Mimicking Python Dictionaries in Power Query M: how, why, and is it better than a join/merge?
Note: This is a technical post. A more friendly version for those not as familiar with Power Query will follow shortly.
ETL or data munging is what Power Query is all about, but limiting ourselves to the UI functions shortchanges M's capabilities and the efficiency of our ETL processes. The "Functions in Focus: Power Query/M Language" series is set to introduce functions you'd only see using the "Advanced Editor" and writing the script yourself.
Don't panic! I'll include plenty of use cases, coding, and "what-ifs" to help along the way.
In today's article, we are going to focus on using Record.FieldOrDefault() in place of Table.NestedJoin() for many-to-one or one-to-one or one-to-many replacements. By replacements, I mean converting values like "US" and "USA" to "United States" or converting cumbersome fact table descriptors (like City or State) to integer dimension table keys.
Why are records special? And you mentioned Python...
I know, I know. I promised some amazing conversion of Python dictionaries in Power Query...and I lied, because it already exists. Power Query's record data type is nearly identical to Python's dictionary type. For R lovers (count me in), this is similar to a named vector. Records hold key:value pairs with unique keys and non-unique values. Going back to our "United States" example, a record would look something like:
[ US = "United States", USA = "United States" ]
Lookups into record or dictionary types are exceptionally fast and provide some error-checking benefits we will cover later. It's also a simple function call to convert a mapping table (let's say from a csv) to a record. You'll need to rename the key column "Name" and the value column "Values", then pass it to Record.FromTable().
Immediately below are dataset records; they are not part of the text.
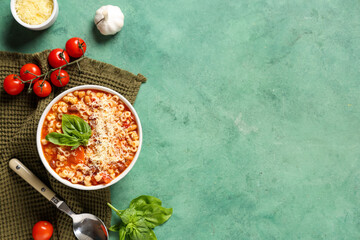Bowl of pasta fagioli with ingredients on green background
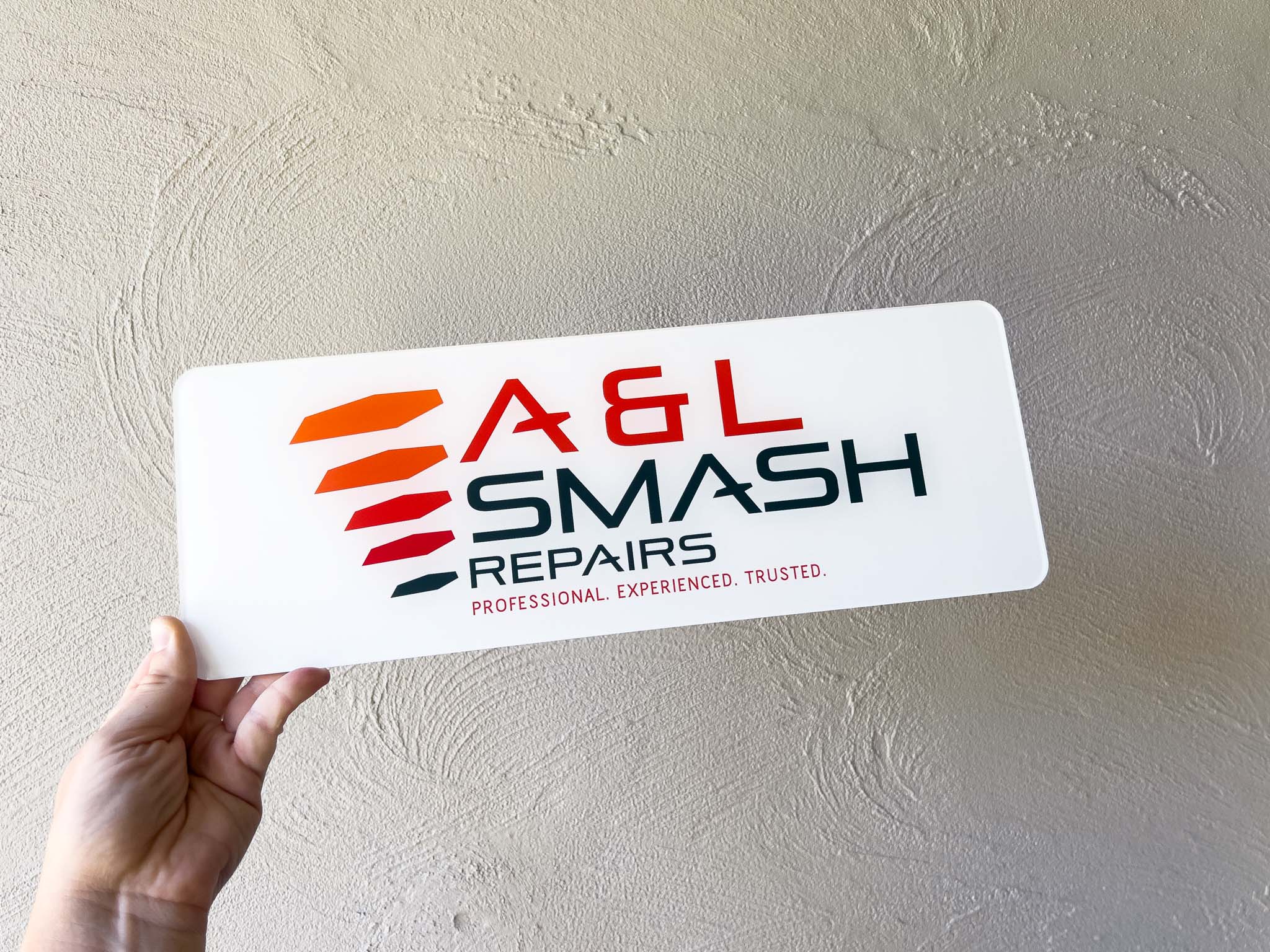 Custom printe white and red logo plate for a Smash Repairer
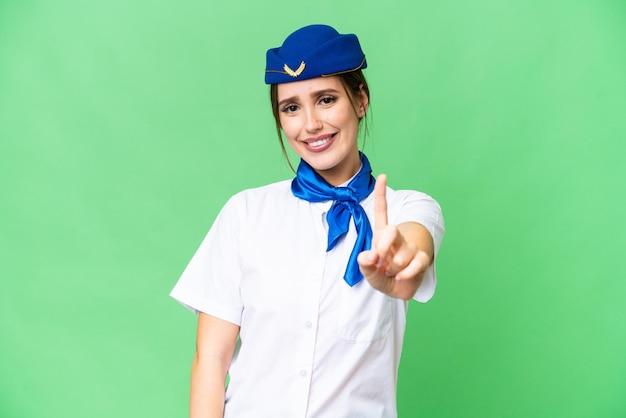 Airplane stewardess over isolated chroma key background showing and lifting a finger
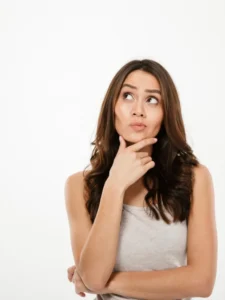 pensive-brunette-woman-holding-her-chin-looking-up-gray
That's it!
Ok, so why use it?
There are a few answers to that question:
- Record lookups are significantly faster than joins and merges.
- They are easier to write and understand than long if-statements.
- Record.FieldOrDefault() allows you to specify a default value, reducing the code and calculations to if-not-in-then statements often done with a series of Table.AddColumn().
- They throw an error if your key is not unique.
Faster than Joins and Merges
More than anything, using records is significantly faster for lookups than using a join or merge. In fact, in a test run of 500 iterations using Record.FieldOrDefault() versus Table.NestedJoin() (and expanding out the column) in series, Record.FieldOrDefault() was 4.5x faster on average with a third of the variability over each run.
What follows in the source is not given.